Drones make 3D mapping possible using photogrammetry, which is “the use of photography in surveying and mapping to measure distances between objects.” Originally photogrammetry happened using high quality cameras in airplanes, which flew back and forth over the location being mapped. Now, using drones, most of which come equipped with high quality cameras, photogrammetry can be done pretty inexpensively and quickly.
Here is how drones collect the data needed to create a 3D map:
First, you take a Point of Interest flight. The drone flies around the object or site to be mapped in a circle, taking a bunch of pictures as it flies. The GPS in the drone will record the drone’s exact location when a photo was taken, where the camera was faced, and other related information necessary to create a full 3D map.
Second, you take a scanning flight. In this flight, the drone passes back and forth across the site taking pictures, again with the GPS recording all of the locational details that will be used later in creating the 3D map. Now you have all the data you need to create a 3D map. And when you look at these maps, it’s like being there yourself.

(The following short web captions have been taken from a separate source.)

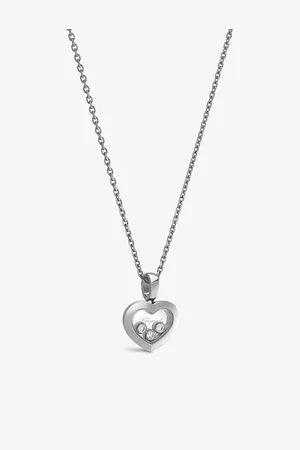 Chopard Happy Diamonds 18ct White-Gold and 0.15ct Brilliant-Cut Diamond Necklace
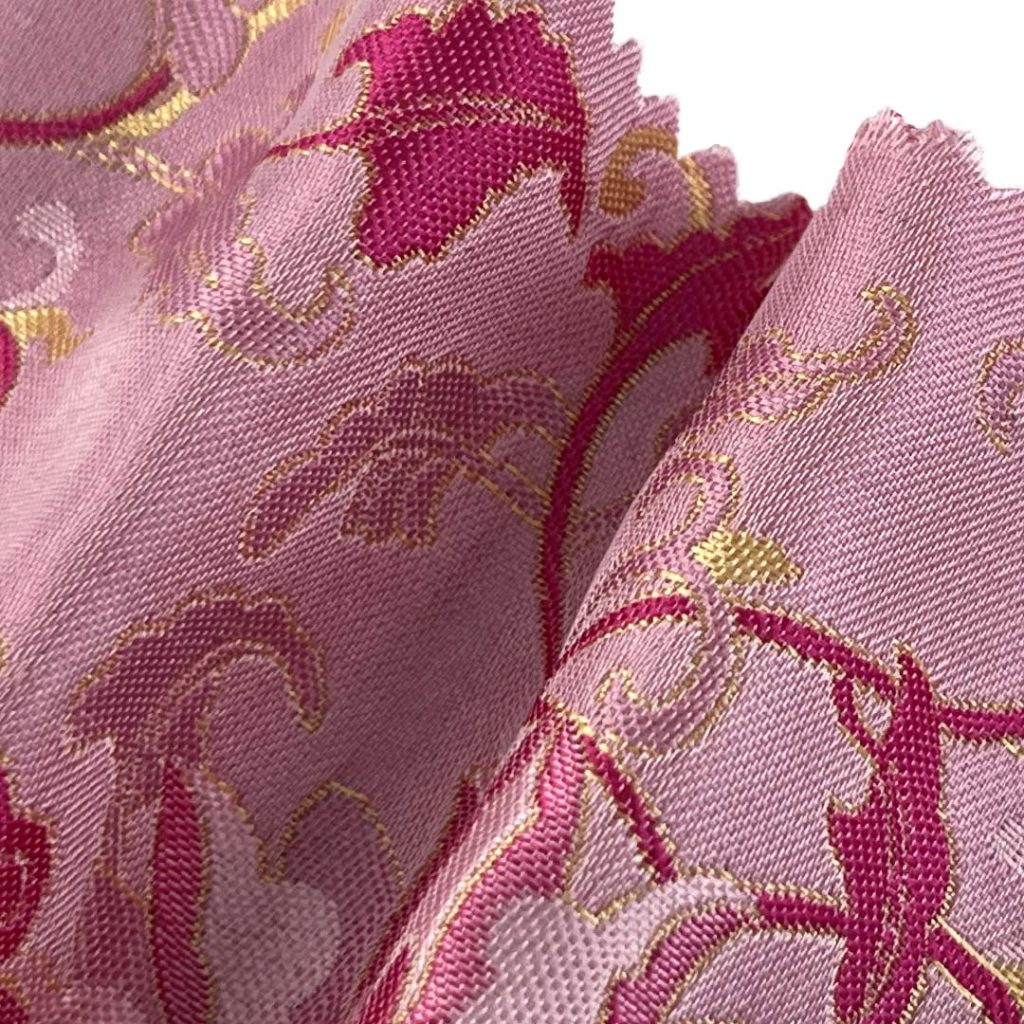 100% Polyester Brocade Ripstop Crisp Hand Feel Fabric Curtain Bed Runner A414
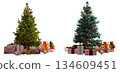 christmas tree and decorations 134609451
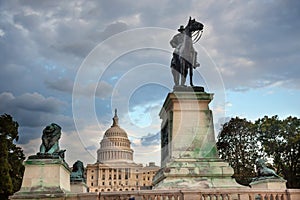 US Grant Statue Memorial Capitol Hill Washington DC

Many people are offended at the thought of drones flying over their homes and invading their privacy. But looking at practical applications for this technology, there are some big positives. Beyond the preservation of historic sites, which is in and of itself a great thing, this new technology has a powerful potential for motivating students to pursue studies in STEM (Science, Technology, Engineering, and Mathematics). Given how accessible this technology is now, students could create their own 3D maps fairly inexpensively, and take on projects that could be of great importance to them and their communities while also forwarding their interest in fields that could lead to rewarding careers.